One of the things I love about computer science is the mathematical certainty of the process. The logical constructs of an algorithm define a structure that is rigidly adhered to. If assembled correctly the result of a function is one hundred percent predictable within the bounds of the system. I realize that is a bit simplistic, but there is a beauty in that idea that I find inspiring. For me the comfortable confines of a predefined world help balance out the worrisome chaos of the real world.
Unfortunately complex software systems don’t adhere to this lovely fantasy-land of predictable outcomes I maintain for myself. The ones that survive multiple iterations tend to build up quirks in the trail of data they leave behind. Time will batter and bruise even the most perfectly conceived schema. Unless the software is frozen, somewhere along the line something will trigger a change in the meaning of some data.

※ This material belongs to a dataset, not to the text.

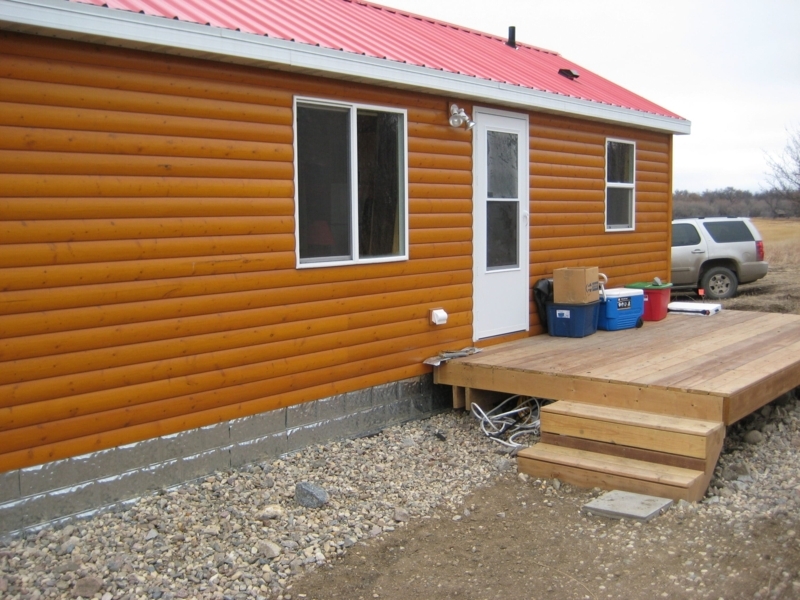 Skirting Panels: Galvanized Finish for Rustic Cabin Foundation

Maybe a bug, maybe a feature, but either way it leaves a little turd in the record — A small crack in the data’s integrity.

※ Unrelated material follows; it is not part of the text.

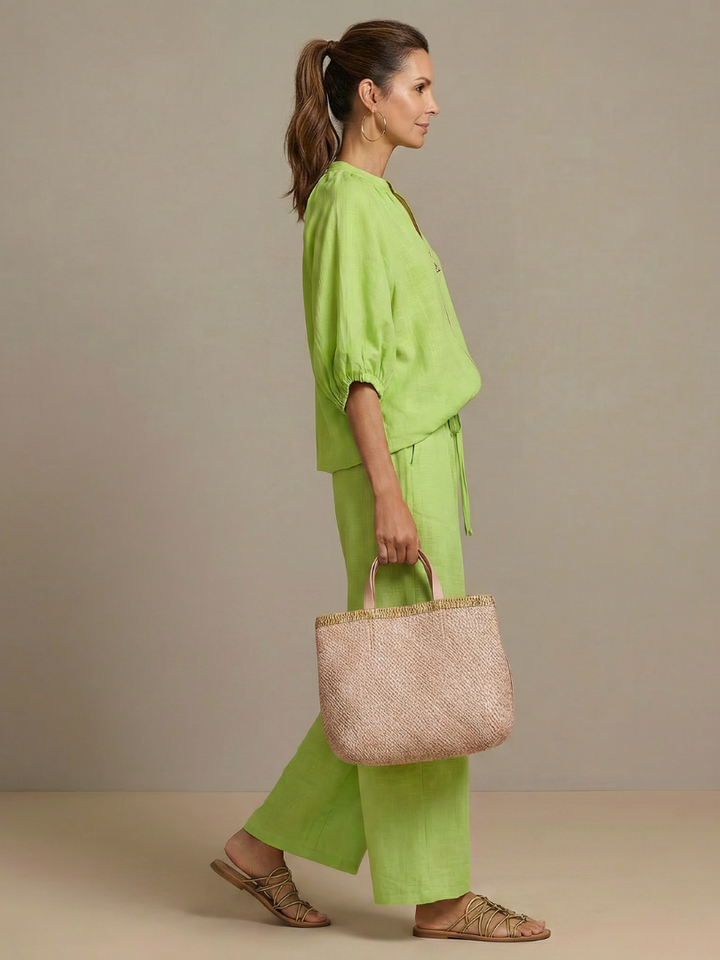 Trendy women's summer co-ord featuring a blouson bodice and wide leg bottoms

It’s probably no surprise that I’m a big fan of the relational database model. If done properly, it provides a structure to data without which powerful and diverse queries and manipulations would not be possible. Who wouldn’t love that? Once again the enemy of all that is good, “time”, doesn’t love it. Nor does his annoying side kick “complexity”. Bring in the whole crew with “large scale” and you have achieved the trifecta of data turd production. To top it off, the constant improvements of a nimble development team unintentionally make this problem worse.
Don’t get me wrong, I’m not suggesting these are badly designed systems, I’m thinking specifically about ones built by engineers far more experienced and knowledgeable than yours truly. Sadly it’s impossible to plan for every future eventuality, and even if it was, it would undoubtedly be sub-optimal. So just like in real life, turds are unavoidable. One could argue that a different data model like no-sql or multi-value databases don’t suffer from the same types of issues as relational designs. I would argue that’s just silly because nobody cares about those.
Over the last ten years I have been involved in a number of projects for different employers that directly or indirectly deal with dirty data. On the other side of the fence I have been responsible for depositing a bit of fecal matter in the data stream now and then (I mean, shit happens amiright?). Anyway I’m not bragging when I say I have a decent amount of experience with this. Really I’m not, since what I am actually doing is equating myself with the digital equivalent of a pooper-scooper.
Trying to ferret out cause and effect for years old records in a constantly changing system is often a lost cause. This is one of the few times understanding why an inconsistency occurs is less important than just fixing it and moving on. If I am right (with regard to my propensity for being right I will state that in no way is that statistically relevant to the above conclusions, and in fact revealing that metric might negatively bias the reader), and I’m pretty sure I am, dirty data is something that will need to be dealt with sooner or later. Common sense and patience are your best tools. Lots and lots of patience. I do have some tips from the trenches that might help tilt the scales in your favor:
- Before modifying any data have a plan in place to revert the changes. Not just a vague idea in the back of your head, like a real plan that you actually test before hand.
- Review your SQL until it’s solid enough to crush diamonds. Remember the first time you accidentally took down a production server because you forgot a “WHERE” clause on an “UPDATE” statement? Everybody else does too, so cut it out.
- Transactions are manna from heaven, use them wisely:
Know when to commit them.
Know when to roll them back.
Know when to walk away.
Know when to run.
You never count your updates,
when you’re sitting at the command prompt.
There will be time enough for counting,
when the transaction’s done.
- Be ready to be wrong. The comforts of logical outcomes are long gone, now it’s time to juggle probability nightmares in a recursive cycle of alternating head-desks and face-palms. If you are a drinker establish physical obstacles between alcohol sources and your work proximity.
- Beware of the law of diminishing returns. The closer you get to wiping out all of the anomalies in your data, the longer it will take to make progress on the remaining problems.
- Are you replicating data? if so throttle for it. Most of the replication technologies I have worked with are like delicate flowers that completely fall apart on what appears to be the slightest whim.
If we work together we can make the world of data a cleaner place. So roll up your sleeves, plug your nose, and get to it. And remember, a node in a B-Tree index is a terrible thing to waste.